Please print exactly the lines from the one containing "Maison - 98 m² - 4 pièces" through the last line of the records, and only those. Leave out any pictures.

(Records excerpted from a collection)
#####

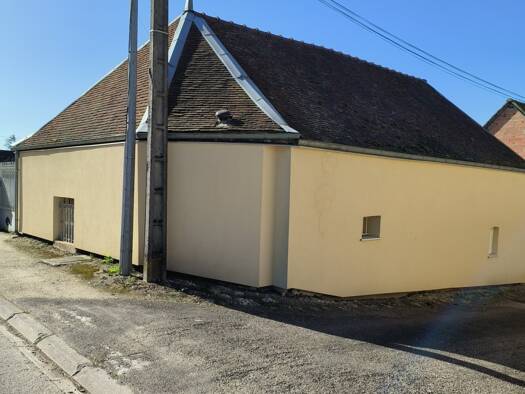 Maison en viager 26 600 € 2 pièces 1 chambre 36 m² 310 m² de terrain Chailley 89770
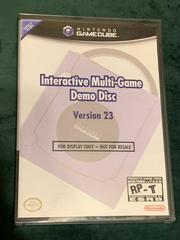 Interactive Multi-Game Demo Disc Version 23 Gamecube Prices
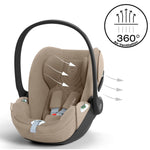 Cybex Cloud T i-Size, Cozy Beige Plus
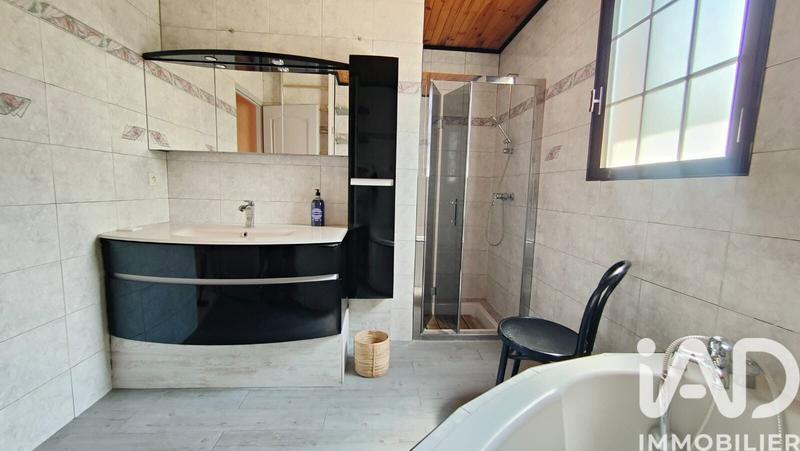 Maison - 98 m² - 4 pièces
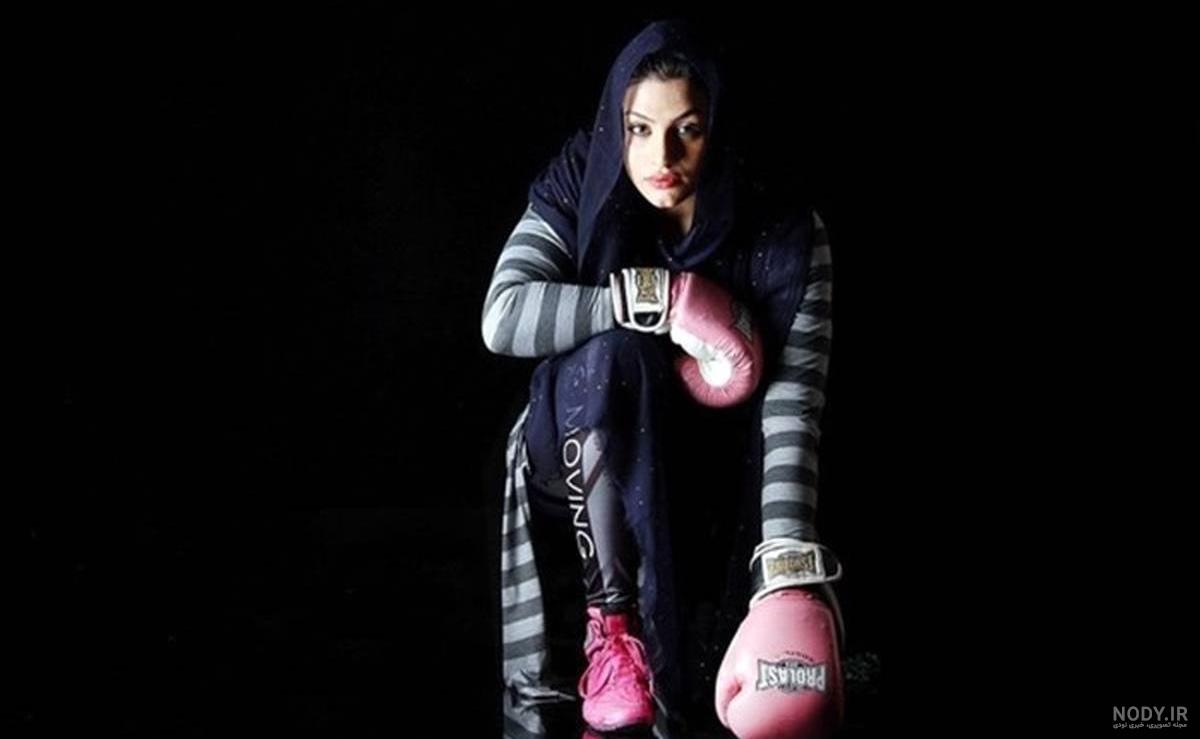 عکس پروفایل بوکس خفن پسرانه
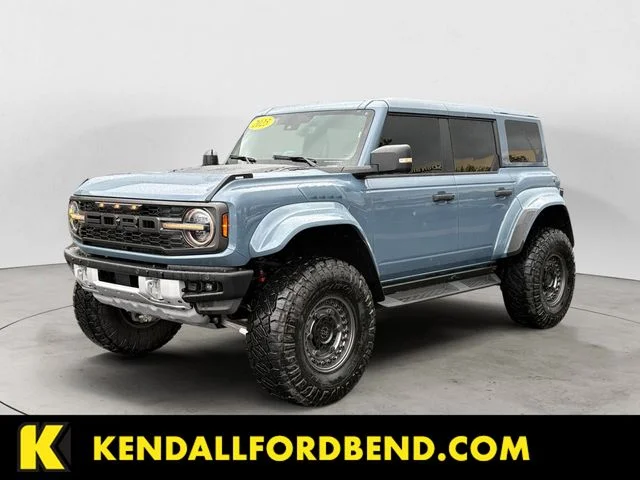 2025 Ford Bronco Raptor 4x4's photo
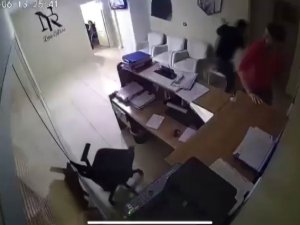 Depremin Yeni Görüntüleri Ortaya Çıktı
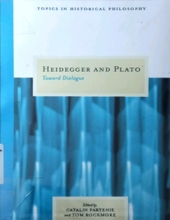 HEIDEGGER AND PLATO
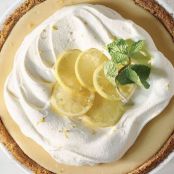 Quick and Easy Lemon Pie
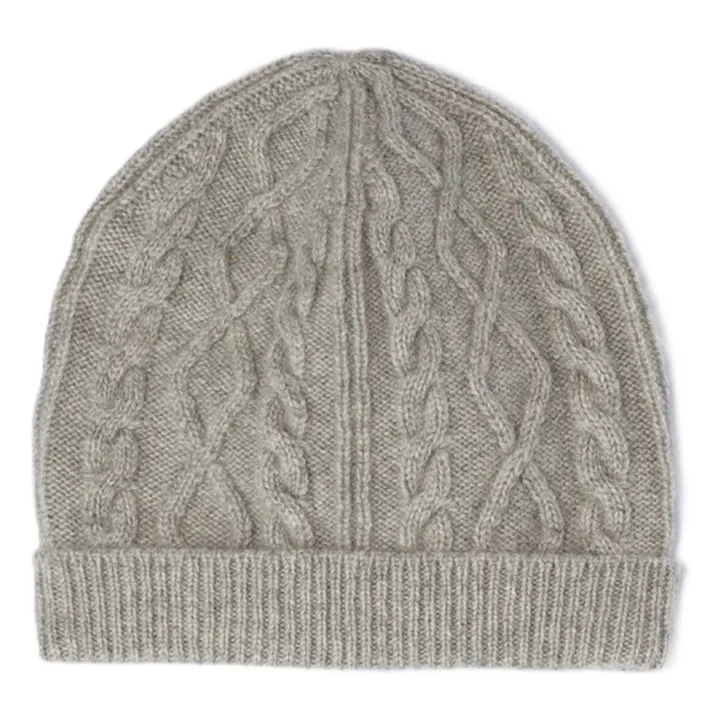 Bompard - Bompard - Bonnet à Torsades Cachemire
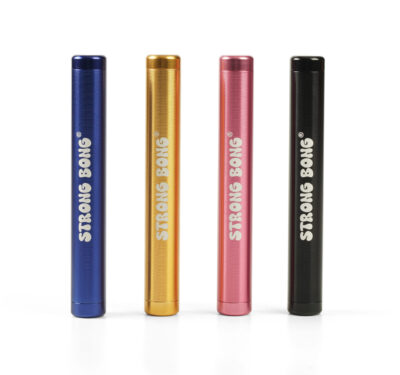 Premium Aluminium Doob Tube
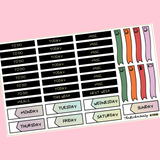 Witchcraft Kit in Standard Vertical Sizing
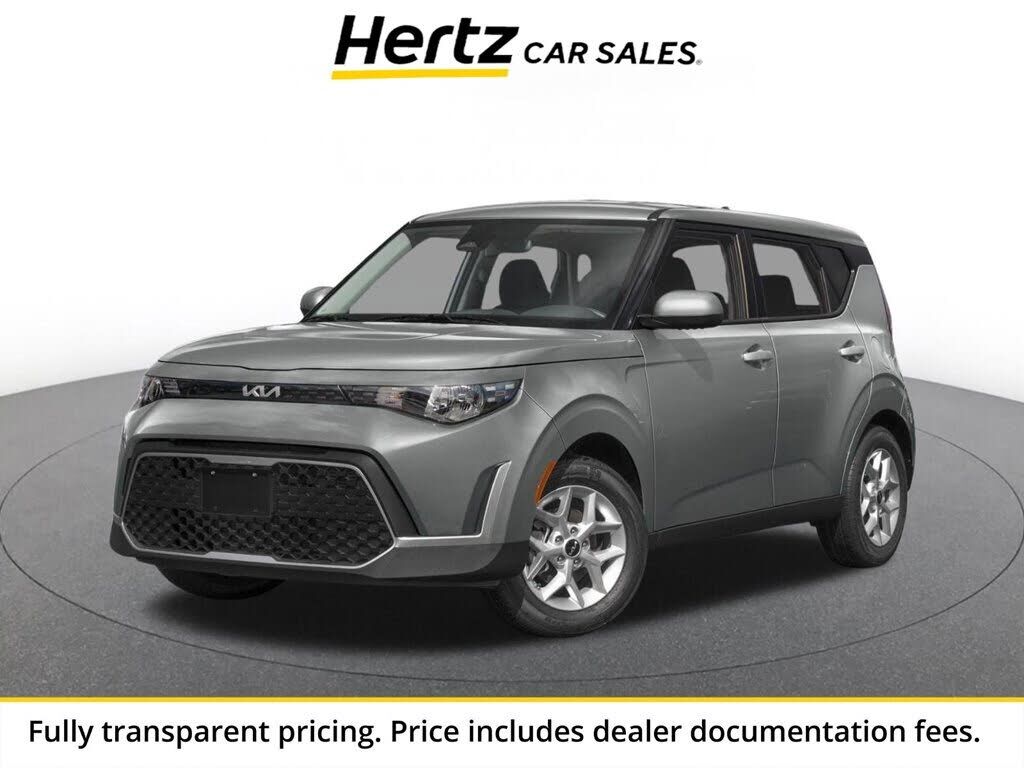 2025 KIA Soul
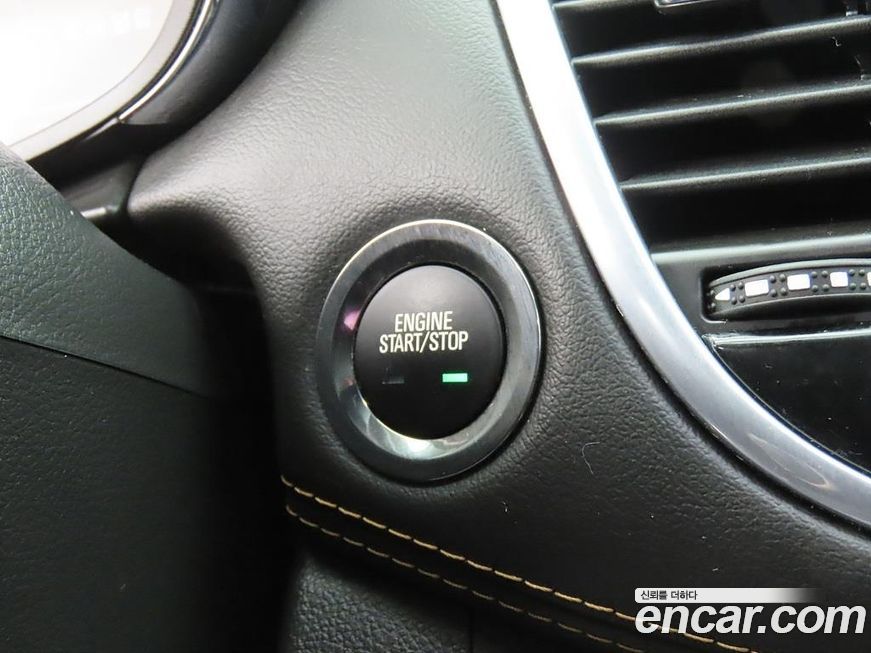 ChevroletGMDaewoo Trax 2019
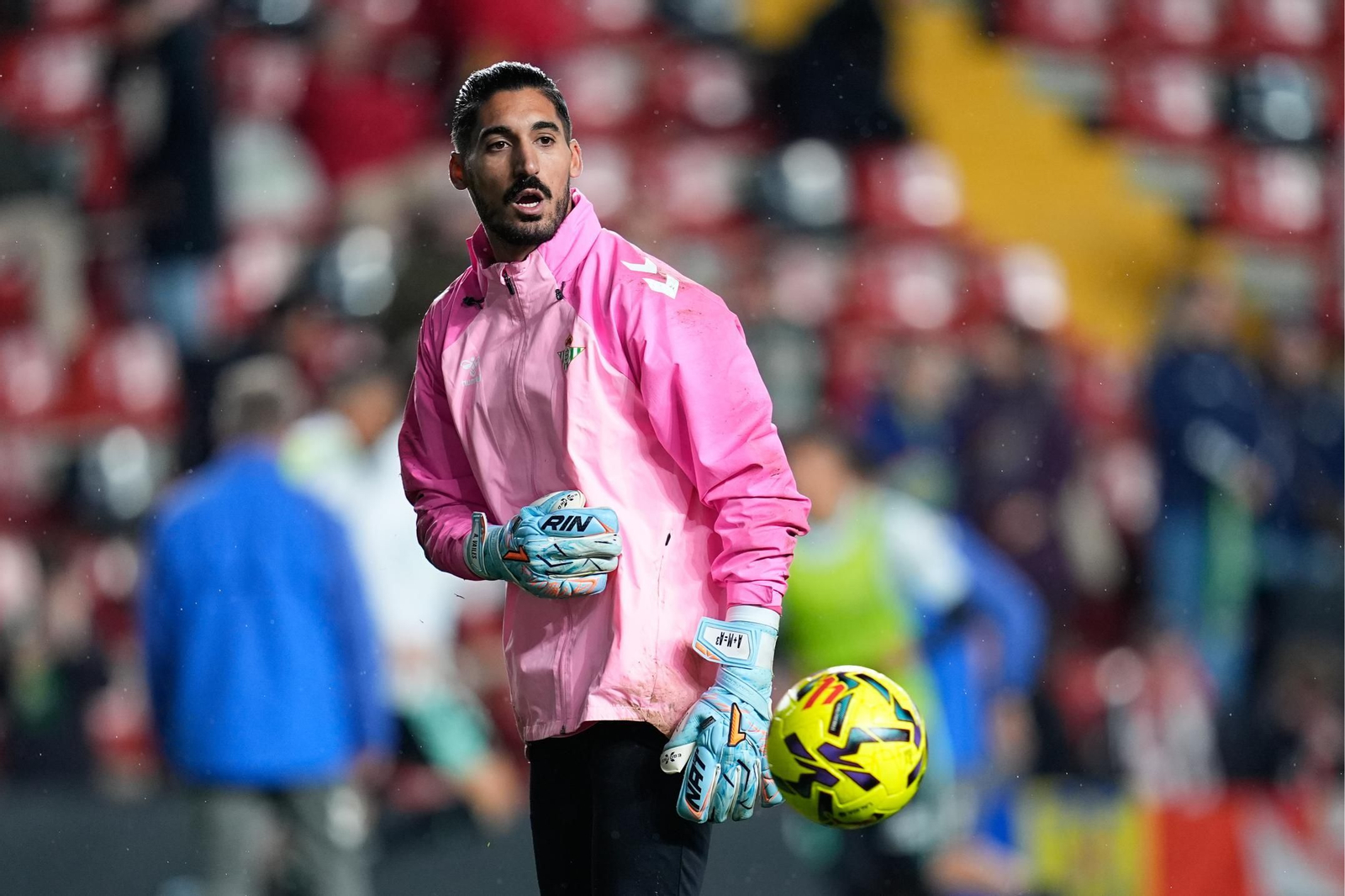 Las fotos del Rayo Vallecano - Betis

#####

◆ FINISHED EXERCISE:
 Maison - 98 m² - 4 pièces
 عکس پروفایل بوکس خفن پسرانه
 2025 Ford Bronco Raptor 4x4's photo
 Depremin Yeni Görüntüleri Ortaya Çıktı
 HEIDEGGER AND PLATO
 Quick and Easy Lemon Pie
 Bompard - Bompard - Bonnet à Torsades Cachemire
 Premium Aluminium Doob Tube
 Witchcraft Kit in Standard Vertical Sizing
 2025 KIA Soul
 ChevroletGMDaewoo Trax 2019
 Las fotos del Rayo Vallecano - Betis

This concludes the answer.